La mamma di Street Fighter e Ghosts’n Goblins ha infatti sfornato nel tempo alcuni tra i migliori esponenti del genere, fra i quali Cadillac & Dinosaurs e l’apprezzatissima coppia di giochi arcade basati su Dungeons & Dragons. Ad aprire le danze in casa Capcom è stato però un gioco preciso che è riuscito a imporsi come un pilastro dei picchiaduro a scorrimento, ovvero Final Fight.
A partire dalla possibilità di scegliere chi impersonare tra tre diversi personaggi - che una volta tanto non si differenziano solo per l’aspetto fisico - per arrivare alla massiccia grafica con enormi personaggi su schermo, Final Fight nel 1989 riesce a dare un forte scossone alle sale giochi di tutto mondo.
IL BUONO, IL GROSSO E IL CATTIVO - La trama del gioco è quanto di più banale possiamo incontrare: c’è la solita ragazza che viene rapita e il gruppo di eroi che parte per salvarla (stavolta composto da padre, fidanzato e amico del fidanzato). Il piano per trarre in salvo la pulzella è molto semplice: andare a piedi nel quartiere malfamato in cui opera la gang dei rapitori e iniziare a tirare ceffoni a destra e a manca (ve l’ho detto che era banale, no?).
Ciò che rende così bello Final Fight è innanzitutto il modo in cui i nostri maneschi eroi picchiano i malcapitati avversari: tra “combo”, prese e mosse speciali c’è davvero una varietà di approcci che all’epoca risultava fresca e che per alcuni aspetti - come le super-mosse che consumano energia vitale - diventeranno di lì a poco veri e propri standard per questo tipo di videogiochi.
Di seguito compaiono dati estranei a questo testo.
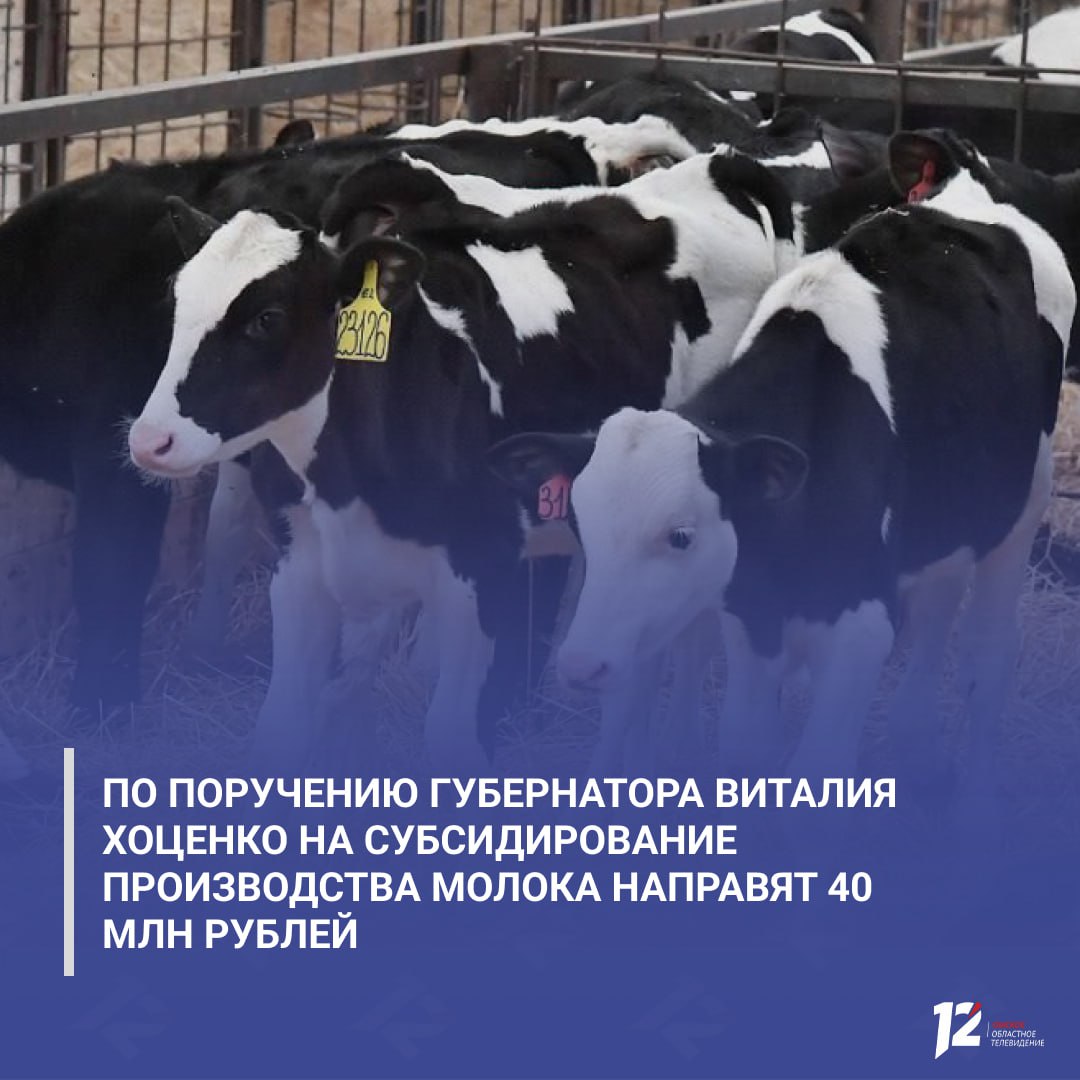 По поручению губернатора Виталия Хоценко на субсидирование производства молока направят 40 млн рублей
Inoltre se i due Cody e Guy (si, si chiama “Tizio”) risultano essere i classici esperti di arti marziali tutti calci e pugni, il possente papino Haggar è invece un ex-wrestler capace di afferrare gli avversari e portarseli in giro per il livello, schiantandoli poi a terra con apposite e spettacolari mosse: una cosa che nel 1989 non si vedeva spesso in sala giochi.
DALLE SALE GIOCHI ALL'OBLIO - Final Fight è anche un gioco largamente approcciabile e “onesto”, specialmente se giocato in coppia con un amico: il tasso di difficoltà è elevato ma comunque mai iniquo e con un po’ di pratica è effettivamente possibile arrivare alla fine con una singola partita, senza usufruire dei “continue”. A condire il tutto troviamo inoltre una grafica impressionante per l’epoca e basata su una palette di colori assolutamente caratteristica, nonché una colonna sonora meno “schitarrosa” rispetto a quella di Double Dragon ma non meno incisiva.
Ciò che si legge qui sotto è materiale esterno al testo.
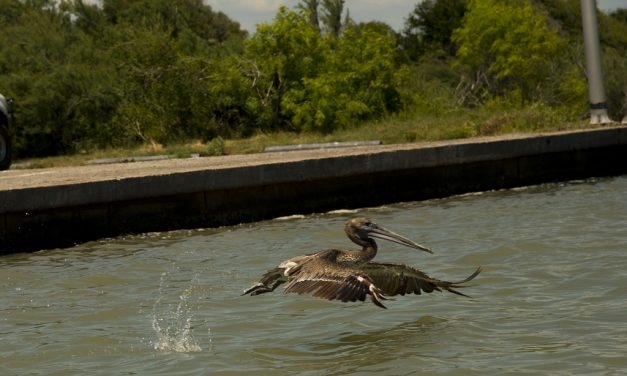 Woods, Waters, and Wildlife:  A Coastal Catharsis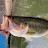 @BluegillAndBass01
Oltre all’enorme successo in sala giochi, Final Fight ha una lunga vita su console, venendo ad esempio scelto da Capcom come gioco di lancio per il Super Nintendo e andando inoltre a impreziosire la snella lineup del Mega CD per Mega Drive (mentre è meglio non citare le deludenti versioni per i vari personal computer). Sempre su SNES arriva in esclusiva Final Fight 2, un seguito decisamente deludente che non riesce a evolvere bene la formula del gioco originale.
Da allora arrivano alcuni nuovi capitoli che è meglio dimenticare come il ridondante Final Fight 3 (sempre esclusivo al Super Nintendo), il pessimo Final Fight Revenge (2000, per sale giochi e Sega Saturn) e il trascurabile Final Fight: Streetwise del 2006 per PlayStation 2 e Xbox, ultimo episodio della saga finora pubblicato. I singoli personaggi hanno maggior fortuna: Haggar trova spazio nei bei giochi di wrestling della serie Saturday Night Slam Masters e partecipa anche al caotico Marvel VS Capcom 3 mentre Guy, Cody e alcuni “cattivi” come Rolento, Poison e Sodom diventano lottatori più o meno regolari in alcuni capitoli di Street Fighter a partire da Street Fighter Alpha del 1995.
Considerando che solo qualche settimana fa SEGA è riuscita a resuscitare con successo la sua bella saga di Streets of Rage col bel quarto capitolo non resta che sperare che Capcom faccia prima o poi lo stesso con Final Fight, regalandoci così il seguito di qualità che in effetti non abbiamo mai avuto.